65 year old man with ulcers all over the body,pedal edema,shortness of breath

 This is an online e log book to discuss our patient de-identified health data shared after taking his / her / guardians signed informed consent. Here we discuss our individual patients problems through series of inputs from available global online community of experts with an aim to solve those patients clinical problem with collective current best evident based input.

This E blog also reflects my patient centered online learning portfolio and your valuable inputs on the comment box is welcome.

I have been given this case to solve in an attempt to understand the topic of " patient clinical data analysis" to develop my competency in reading and comprehending clinical data including history, clinical findings, investigations and come up with diagnosis and treatment plan.

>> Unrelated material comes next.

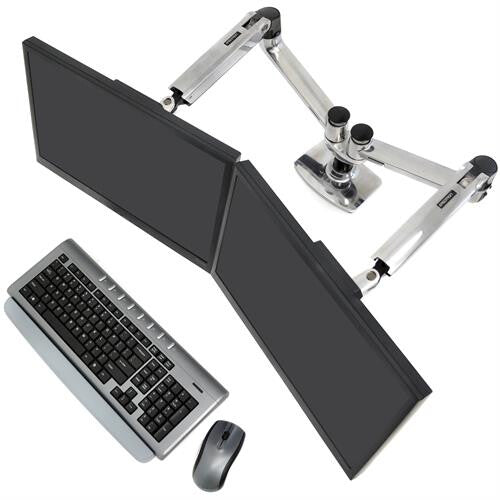 Ergotron LX Series 45-245-026 skærmbeslag og -stativer 68,6 cm (27") Skrivebord Sølv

AFEEFA FARZANA ,8th SEMESTER

Roll no:09

This is a case of 65 year old male patient resident of Warangal carpenter by occupation 


CHIEF COMPLAINTS 

ulcers all over the body since 2 months

Pedal edema since 10 days

shortness of breath since 10 days

Decreased urine output since 10 days 


HISTORY OF PRESENTING ILLNESS 

Patient was apparently asymptomatic 2 months ago,then he had pustules over the right hypochondriac region which eventually progressed to ulcer and relieved after using medication 

These ulcers started over his Abdomen and then he had ulcers all over his body.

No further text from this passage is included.